Ventilatory and cardiovascular responses to hypercapnia and hypoxia in multiple-system atrophy

Abstract

Background: Loss of medullary sympathoexcitatory neurons may contribute to baroreflex failure, leading to orthostatic hypotension in multiple-system atrophy (MSA). The cardiovascular responses to chemoreflex activation in MSA have not been explored to date.

Objectives: To determine whether ventilatory and cardiovascular responses to hypercapnia and hypoxia during wakefulness are systematically impaired in MSA.

Design: Case-control study.

Setting: Mayo Clinic, Rochester, Minnesota.

Patients: Sixteen patients with probable MSA (cases) and 14 age-matched control subjects (controls).
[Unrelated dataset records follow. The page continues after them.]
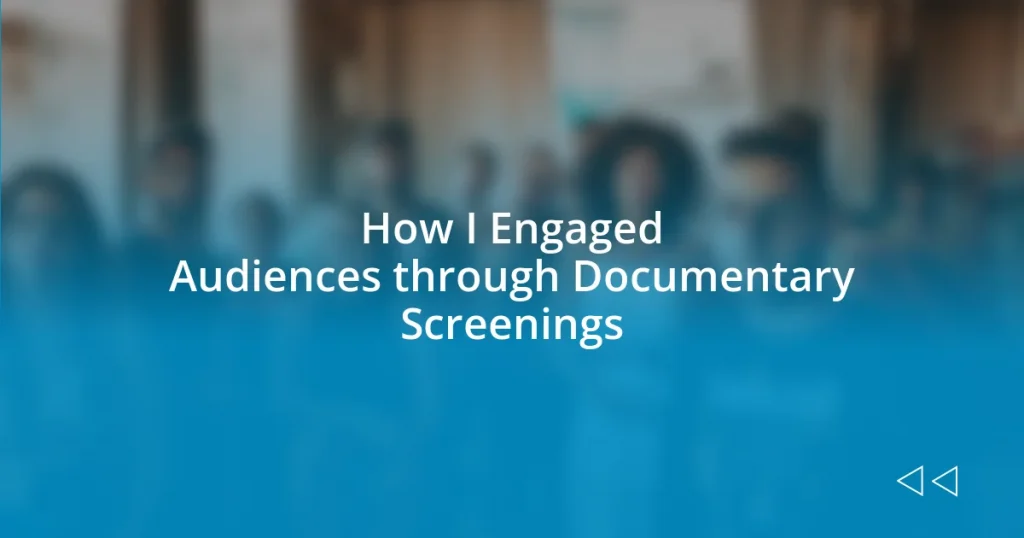 How I Engaged Audiences through Documentary Screenings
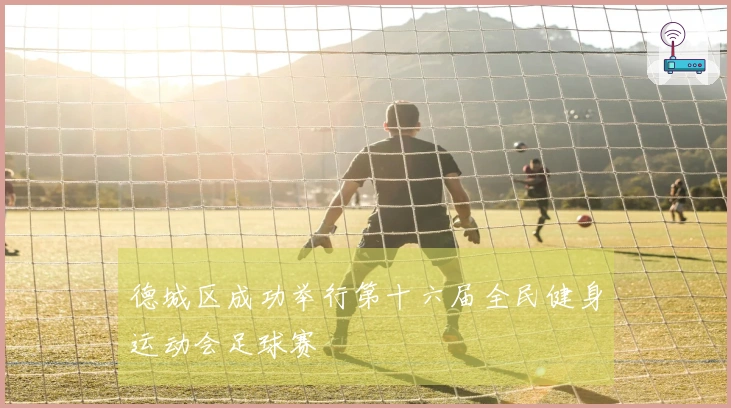 德城区成功举行第十六届全民健身运动会足球赛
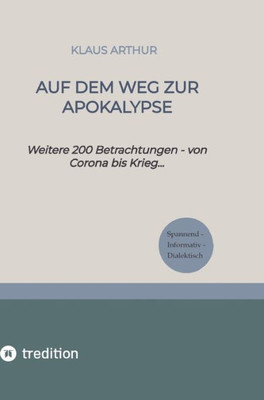 Auf dem Weg zur Apokalypse: Weitere 200 Betrachtungen - von Corona zum Krieg... (German Edition)
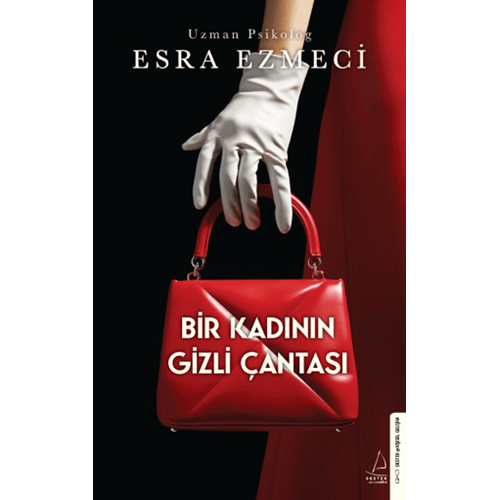 Bir Kadının Gizli Çantası - Esra Ezmeci - Destek Yayınları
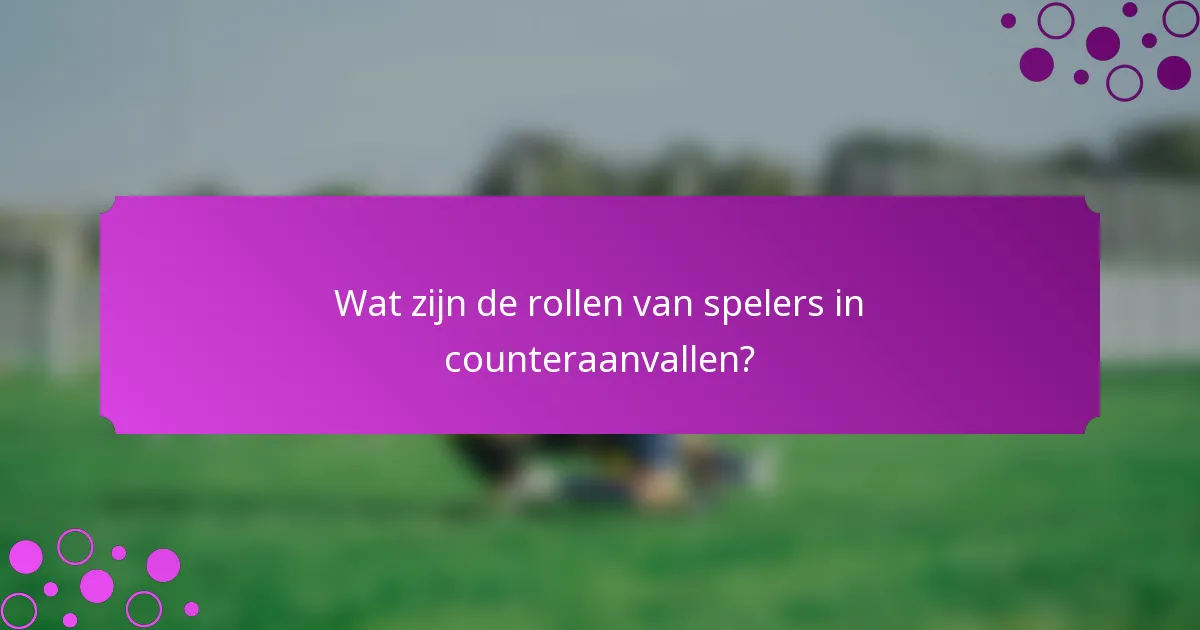 Wat zijn de rollen van spelers in counteraanvallen?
Main outcome measures: Minute ventilation, blood pressure, and heart rate responses to hypercapnia and hypoxia during wakefulness. Hypercapnia was induced by a rebreathing technique and was limited to a maximal expiratory partial pressure of carbon dioxide of 65 mm Hg. Hypoxia was induced by a stepwise increase in inspiratory partial pressure of nitrogen and was limited to a minimal arterial oxygen saturation of 80%. Ventilatory responses were assessed as slopes of the regression line relating minute ventilation to changes in arterial oxygen saturation and partial pressure of carbon dioxide.

Results: In cases, ventilatory responses to hypercapnia and hypoxia were preserved, despite the presence of severe autonomic failure, while cardiovascular responses to these stimuli were impaired. Among cases, hypercapnia elicited a less robust increase in arterial pressure than among controls, and hypoxia elicited a depressor response rather than the normal pressor responses (P < .001 for both).
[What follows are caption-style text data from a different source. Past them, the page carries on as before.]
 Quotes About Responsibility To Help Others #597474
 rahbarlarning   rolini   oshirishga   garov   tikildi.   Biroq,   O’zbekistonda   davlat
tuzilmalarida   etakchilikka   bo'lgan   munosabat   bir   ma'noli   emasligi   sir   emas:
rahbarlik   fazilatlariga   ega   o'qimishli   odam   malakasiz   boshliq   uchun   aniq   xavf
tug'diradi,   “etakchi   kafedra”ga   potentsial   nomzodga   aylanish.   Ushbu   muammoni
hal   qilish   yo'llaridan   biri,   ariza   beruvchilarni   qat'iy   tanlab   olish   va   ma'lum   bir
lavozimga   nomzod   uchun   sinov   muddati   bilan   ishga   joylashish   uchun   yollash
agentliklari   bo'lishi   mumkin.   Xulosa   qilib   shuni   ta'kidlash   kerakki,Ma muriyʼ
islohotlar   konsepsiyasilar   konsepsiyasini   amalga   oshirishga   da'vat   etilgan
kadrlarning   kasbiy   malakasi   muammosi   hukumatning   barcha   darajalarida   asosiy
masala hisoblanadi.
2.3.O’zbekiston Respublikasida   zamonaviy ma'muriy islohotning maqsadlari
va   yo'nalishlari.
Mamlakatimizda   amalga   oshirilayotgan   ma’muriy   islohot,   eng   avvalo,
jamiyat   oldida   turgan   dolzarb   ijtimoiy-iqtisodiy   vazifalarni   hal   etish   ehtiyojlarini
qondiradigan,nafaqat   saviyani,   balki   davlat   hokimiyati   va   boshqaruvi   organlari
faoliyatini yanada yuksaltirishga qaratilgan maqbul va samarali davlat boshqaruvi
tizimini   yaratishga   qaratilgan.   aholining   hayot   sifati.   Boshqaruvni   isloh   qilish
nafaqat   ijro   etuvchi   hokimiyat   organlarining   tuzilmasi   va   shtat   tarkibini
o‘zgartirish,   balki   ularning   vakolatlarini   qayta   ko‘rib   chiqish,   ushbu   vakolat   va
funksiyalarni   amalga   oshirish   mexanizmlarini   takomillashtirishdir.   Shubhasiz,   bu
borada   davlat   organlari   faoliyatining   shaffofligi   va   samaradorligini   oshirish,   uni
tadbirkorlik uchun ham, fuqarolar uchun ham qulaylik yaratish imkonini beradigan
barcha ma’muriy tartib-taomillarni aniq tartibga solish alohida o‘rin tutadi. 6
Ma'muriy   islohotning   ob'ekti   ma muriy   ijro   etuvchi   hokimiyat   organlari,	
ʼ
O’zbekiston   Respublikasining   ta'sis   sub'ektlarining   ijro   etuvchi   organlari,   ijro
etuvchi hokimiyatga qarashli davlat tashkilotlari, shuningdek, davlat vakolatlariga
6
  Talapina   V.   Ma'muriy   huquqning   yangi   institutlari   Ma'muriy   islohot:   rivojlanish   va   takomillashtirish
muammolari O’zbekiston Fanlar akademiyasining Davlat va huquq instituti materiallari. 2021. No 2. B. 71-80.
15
Conclusions: Ventilatory responses to hypercapnia and hypoxia during wakefulness may be preserved in patients with MSA, despite the presence of autonomic failure and impaired cardiovascular responses to these stimuli. A critical number of chemosensitive medullary neurons may need to be lost before development of impaired automatic ventilation during wakefulness in MSA, whereas earlier loss of medullary sympathoexcitatory neurons may contribute to the impaired cardiovascular responses in these patients.
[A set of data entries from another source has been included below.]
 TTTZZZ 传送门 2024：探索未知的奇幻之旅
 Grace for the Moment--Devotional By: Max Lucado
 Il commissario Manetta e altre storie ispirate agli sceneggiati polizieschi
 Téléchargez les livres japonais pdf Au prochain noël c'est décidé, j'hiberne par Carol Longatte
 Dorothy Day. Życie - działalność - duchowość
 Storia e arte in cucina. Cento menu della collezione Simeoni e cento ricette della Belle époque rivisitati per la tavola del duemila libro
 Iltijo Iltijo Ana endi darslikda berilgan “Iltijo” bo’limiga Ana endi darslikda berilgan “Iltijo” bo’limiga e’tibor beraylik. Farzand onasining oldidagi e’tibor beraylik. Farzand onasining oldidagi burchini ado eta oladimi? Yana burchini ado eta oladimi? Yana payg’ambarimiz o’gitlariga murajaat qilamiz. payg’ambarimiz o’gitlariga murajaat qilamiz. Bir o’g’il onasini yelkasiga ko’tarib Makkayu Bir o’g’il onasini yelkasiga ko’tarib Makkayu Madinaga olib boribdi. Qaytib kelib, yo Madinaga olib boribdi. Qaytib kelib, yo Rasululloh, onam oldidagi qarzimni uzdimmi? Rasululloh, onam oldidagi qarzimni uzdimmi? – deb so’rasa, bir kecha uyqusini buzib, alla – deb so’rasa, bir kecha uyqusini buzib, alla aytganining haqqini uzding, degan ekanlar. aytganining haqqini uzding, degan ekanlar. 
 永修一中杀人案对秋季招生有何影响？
Conflict of interest statement

Disclosure: The authors report no conflicts of interest.

Figures

Figure 1

Individual data and average values (mean ± SEM) of ventilatory responses to A - isocapnic hypoxia (H-VR) and B – hypercapnia (HC-VR). Hypoxia induced a significant increase in VE in all subjects without a significant difference between MSA patients and controls. HVR is expressed as the slope of the regression line of VE vs. SaO2. Ventilatory response to hypercapnia, expressed as the slope of the regression line relating VE to PetCO2, was significantly increased in MSA when compared to controls.

Figure 2

Time course of SBP during hyperoxic hypercapnia (left panel) and isocapnic hypoxia (right panel) in MSA patients and control subjects (mean ± SEM). The pressor effect of hypercapnia is blunted in MSA patients when compared to control subjects. During hypoxia, the mild pressor effect observed in controls is reversed in MSA patients, where hypoxia induced a depressor response.